Уж два часа; на улицах заметно менее движения, но около ворот везде собираются группы купчих и мещанок, уже пообедавших и вышедших на вольный воздух в праздничных нарядах. Песен не слыхать, потому что в такой большой праздник петь грех; видно, что все что ни есть перед вашими глазами предается не столько веселию, сколько отдохновению и какой-то счастливой беззаботности.
— Что вы всё одни да одни! зайдите хоть к нам, отобедаем вместе! — говорит мне мой искреннейший друг, Василий Николаич Проймин*, тот самый, которому помещик Буеракин в великую заслугу ставит его наивное «хоть куда!»[97].
И я отправляюсь, совершенно счастливый, что мне есть с кем разделить трапезу этого великого дня. Василий Николаич окончательно разгоняет мою хандру своим добродушием, которому «пальца в рот не клади»; супруга его, очень живая и бойкая дама, приносит мне истинное утешение рассказами о давешнем приеме князя Льва Михайловича; детки их, живостью и юркостью пошедшие в maman, a добродушием и тонкою наблюдательностью в papa, взбираются мне на плечи и очень серьезно убеждаются, что я лошадка, а совсем не надворный советник.
Я счастлив, я ем с таким аппетитом, что старая экономка Варвара с ужасом смотрит на меня и думает, что я по крайней мере всю страстную неделю ничего не ел.
Юродивые
Неумелые
Как-то раз случилось мне быть в Полорецком уезде по одному весьма важному следствию. Так как по делу было много прикосновенных из лиц городского сословия, то командирован был ко мне депутатом мещанин Голенков, служивший ратманом в местном магистрате.* Между прочим, Голенков оказался отличнейшим человеком. Это был один из тех умных и смирных стариков, каких нынче мало встречается; держал он себя как-то в стороне от всякого столкновения с уездною аристократией, исключительно занимался своим маленьким делом, придерживался старины*, и в этом последнем отношении был как будто с норовом. Во время наших частых переездов с одного места на другое мы имели полную возможность сблизиться, и, само собою разумеется, разговор наш преимущественно касался тех же витязей уездного правосудия, о которых я имел честь докладывать в предшествующих очерках. В особенности же обильным источником для разного рода соображений служил знакомец наш Порфирий Петрович, которого быстрое возвышение и обогащение служило в то время баснею и поучением чуть ли не для целой губернии.

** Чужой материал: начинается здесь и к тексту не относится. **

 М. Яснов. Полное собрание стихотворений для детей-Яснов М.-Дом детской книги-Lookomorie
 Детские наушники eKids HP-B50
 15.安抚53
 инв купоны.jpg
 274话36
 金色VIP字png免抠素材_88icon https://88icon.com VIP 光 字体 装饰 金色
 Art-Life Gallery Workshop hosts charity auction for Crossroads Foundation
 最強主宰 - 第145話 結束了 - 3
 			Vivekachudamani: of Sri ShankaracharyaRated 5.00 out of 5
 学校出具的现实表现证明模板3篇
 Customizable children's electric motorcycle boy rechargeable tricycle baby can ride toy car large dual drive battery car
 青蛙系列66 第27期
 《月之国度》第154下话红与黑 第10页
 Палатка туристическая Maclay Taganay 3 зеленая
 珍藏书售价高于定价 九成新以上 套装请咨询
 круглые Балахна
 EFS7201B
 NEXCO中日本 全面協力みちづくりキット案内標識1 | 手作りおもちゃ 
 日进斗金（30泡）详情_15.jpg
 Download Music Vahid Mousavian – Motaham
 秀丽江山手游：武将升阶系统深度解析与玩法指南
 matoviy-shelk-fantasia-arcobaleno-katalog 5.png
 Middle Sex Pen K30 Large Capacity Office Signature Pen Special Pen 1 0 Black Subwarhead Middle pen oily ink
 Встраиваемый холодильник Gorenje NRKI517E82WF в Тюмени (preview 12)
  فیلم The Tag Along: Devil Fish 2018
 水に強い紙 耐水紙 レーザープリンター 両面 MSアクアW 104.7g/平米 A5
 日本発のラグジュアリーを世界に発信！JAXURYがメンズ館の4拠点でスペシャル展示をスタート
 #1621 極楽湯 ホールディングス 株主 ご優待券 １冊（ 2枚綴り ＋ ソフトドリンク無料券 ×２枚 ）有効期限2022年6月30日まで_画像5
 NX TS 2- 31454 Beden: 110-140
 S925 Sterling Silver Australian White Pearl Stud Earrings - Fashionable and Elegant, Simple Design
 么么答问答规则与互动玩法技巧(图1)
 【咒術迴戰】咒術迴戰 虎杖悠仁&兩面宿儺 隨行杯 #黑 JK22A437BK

— Оно точно, — сказал мне однажды Голенков, — точно, что Порфирий Петрович не так чтобы сказать совсем хороший человек, да с ним все-таки, по крайности, дело иметь можно, потому что он резонен и напрямки тебе скажет, коли дело твое сумнительное. А вот, я вам доложу, тоска-то, как видишь, что человек-от и честно́й и хороший, а ни к чему как есть приступиться не может — все-то у него из рук валится. С таким связаться — не приведи господи! Начнешь ему резон докладывать, так он не то чтоб тебе благодарен, а словно теленок всеми четырьмя ногами брыкается. «Вы, мол, скоты, чего понимаете! Не смыслите, как и себя-то соблюсти, а вот ты на меня посмотри — видал ли ты эких молодцов?» И знаете, ваше благородие, словами-то он, пожалуй, не говорит, а так всей фигурой в лицо тебе хлещет, что вот он честный, да образованный, так ему за эти добродетели молебны служить следует. Вот, мол, до чего вы, скоты, дожили, что честный то человек у вас словно жар-птица!
Николай Федорыч вздохнул.
— А вся эта ихняя фанаберия, — продолжал он, — осмелюсь, ваше благородие, выразиться, именно от этого их сумления выходит. Выходит по-ихнему, что они нас спасать, примерно, пришли; хотим, дескать, не хотим, а делать нече — спасайся, да и вся недолга. Позабудь он хоть на минуточку, что он лучше всех, поменьше он нас спасай, — может, и мог бы он дело делать.